# Fridge help please!



## 102433 (Jan 11, 2007)

Having a little trouble with our fridge. It seems the lights on, but nobody's home.

We've been travelling around France and not had any problems until yesterday when we noticed that the fridge wasn't cold, and there was no heat being generated out the vents. The light on the control panel is still lit, showing that we are running off mains. Same when on 12V too, but haven't been on a long drive to see if that's really working either.

I tried running it off gas briefly and it seemed to be venting heat outside, so that appears to be working for now, but we don't want to be running soley on gas for the remainder of our trip which could be a month or so.

Does anyone have any ideas what the problem could be? Going to find an Electrolux service centre somewhere (we are currently near Nice). Is it likely to be thermostat, or something more terminal. What sort of money would a replacement 3-way fridge cost??

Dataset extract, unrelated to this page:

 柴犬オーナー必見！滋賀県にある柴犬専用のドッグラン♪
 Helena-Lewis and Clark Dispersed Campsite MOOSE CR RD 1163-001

Any help would be greatly appreciated!


----------



## eribiste (May 1, 2005)

Have you got the 12v control panel over the door switched on? (clock display showing, interior lights working, water taps working etc) 

If your fridge is AES (Automatic Energy Select) it needs the 12v supply, even when on mains in order to select it's favoured energy source.

Just an idea, beyond that I'm a bit stumped.

Eribiste


----------



## Scotjimland (May 23, 2005)

Ixnay said:


> I tried running it off gas briefly and it seemed to be venting heat outside, so that appears to be working for now, but we don't want to be running soley on gas for the remainder of our trip which could be a month or so.


I presume from your post that the fridge was cooling while on gas ?

If so, and your sure there is a 240v supply to the fridge, it's more than likely that the 240v heater element has blown.. not expensive nor difficult to change.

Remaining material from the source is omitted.